The Council’s claims are supported by available content on governmental sites and official social media accounts with the governors receiving or visiting foster families who took in considerable numbers of children from Mariupol, Kherson, Donetsk, Lugansk, and others. In September, Chibis said he had received a group of 11 children from occupied Ukrainian territories, left without parietal care, who were sent to foster families in Kandalaksha, Kovdor, Polyarnye Zori, and Olenegorsk. In October, Vorobyov shared a video greeting children ‘rescued from the war zone’ arriving by plane to Russia, saying they were sent to family centers. “We have developed a clear algorithm for the placement of children rescued from the war zone. 80 children have already found their homes,” he said. He thanked federal authorities and Maria Alekseevna Lvova-Belova, adding that “they do their best to help transport children from the war zone, arrange them in families, quickly draw up documents and Russian citizenship”. In July, Vorobyov shared a video of himself visiting a foster family in Lyubertsy, which adopted nine children from Donetsk. Solovyov announced on January 6 that 1,620 children from LPR, DPR, Zaporozhye, and Kherson regions arrived by train to see the Kremlin Christmas tree in Moscow and spend the holidays there.

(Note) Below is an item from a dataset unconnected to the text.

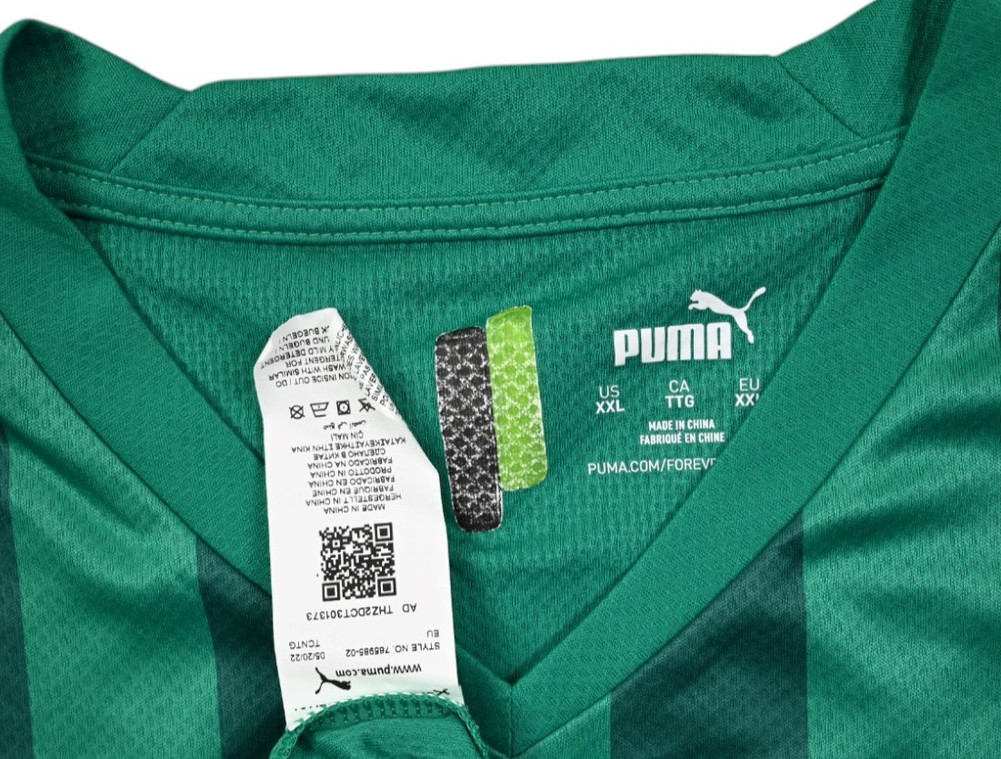 2022-23 BORUSSIA MONCHENGLADBACH *STINDL* SHIRT XXL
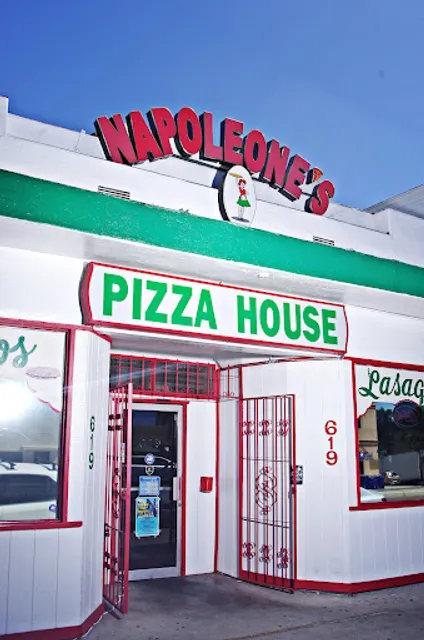 Napoleone's Pizza House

Other-Government officials

Aleksey Petrov, mentioned before, Anton Solovyov, a ‘United Russia’ party member elected in the legislative assembly of St. Petersburg, and party member Eleonora Fedorenko and Advisor on Children’s Rights to the head of the DPR are also involved in the illegal transportation of Ukrainian children to Russia and their adoption by Russian families. 

Larisa Falkovskaya, the director of the Department of State Policy for the Protection of Children's' Rights of the Ministry of Education of the Russian Federation, has facilitated the illegal transportation and adoption of over 2,000 Ukrainian orphans. In various official public appearances, Larisa Falkovskaya has acted as the main spokesperson and coordinator for Russia’s illegal deportation scheme, the Council notes. 

The Party

Another key actor in the deportation scheme is the United Russia Party, which helped to place orphaned children from Luhansk and Donetsk with Russian foster families. Secretary of the General Council of the party Andrei Turchak created a taskforce precisely for this purpose, in collaboration with the governors of Donetsk and Luhansk, Pushilin and Pasechnik, under the supervision of Maria Lvova-Belova. Party officials also helped local governors draw up documents for refugees from Donbass and are actively involved in placing children in Russian schools, as well as in organising leisure and education camps and activities for them. According to a local party official, teaching Ukrainian children in the Russian language is a priority. The party also launched a campaign to send Ukrainian children to school.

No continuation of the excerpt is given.